La nueva física que prefiguraron James Clerck Maxwell y Michael Faraday, continuada por Ernest Rutherford, Neils Bohr, Paul Dirac, Marie Curie y Albert Einstein, entre muchos otros, también causó una revisión profunda de los fundamentos de la física clásica, esto es, galileo-newtoniana.  

En 1905 Albert Einstein habló de los fotones como entidades reales. Nuestro concepto del espacio, el tiempo y la luz, tal como lo concebían Galileo y Newton no había cambiado desde entonces. Después de 1900 se confirmaron nuevas ideas con respecto a la materia y la energía, lo cual originó otras interrogantes y novedosas respuestas.  

Cuando apareció la fotografía, en la segunda mitad del siglo XIX, se creyó que era el fin de la pintura. Ahora, casi 200 años después (Niépce accionó su artefacto por primera vez en 1827), sabemos que no fue así, sino que cada una de estas expresiones humanas tomó un nicho en el gran mercado del arte. La complejidad de la vida a principios del siglo XX y los enormes progresos para muchas sociedades en amplias zonas del mundo generaron nichos comerciales, animados por quienes deseaban seguir promoviendo artistas, como lo habían hecho los grandes mecenas de Florencia quinientos años antes.  

Es imposible dejar esta cima llena de artistas callejeros y entusiastas que desean admirar el atardecer desde las prolongadas escalinatas, afirma Enrique Ciriani, y pasar de largo por los viejos establecimientos donde los habituales, entre ellos algunos impresionistas en su momento, suelen tomar sidra bretona.  

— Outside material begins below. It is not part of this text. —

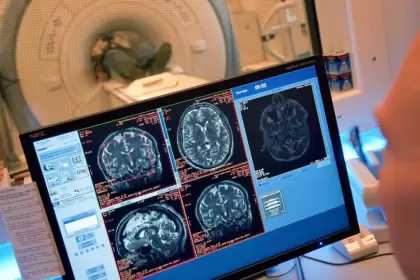 Deportes de contacto: descubren secuela cerebral que no se repara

Allá adentro ya no están los pintores de la luz en breve pausa, aunque sí los empedernidos, un pianista de jazz que ejecuta a Bill Evans, a Thelonious Monk, a Charles Mingus; un hombre solo, ensimismado, que se levanta cuando una mujer entra y se abrazan; una pareja de turistas que se besan para tomarse una fotografía, y luego pintan un corazón de un milímetro cuadrado sobre una pared en la que no cabe un pensamiento más.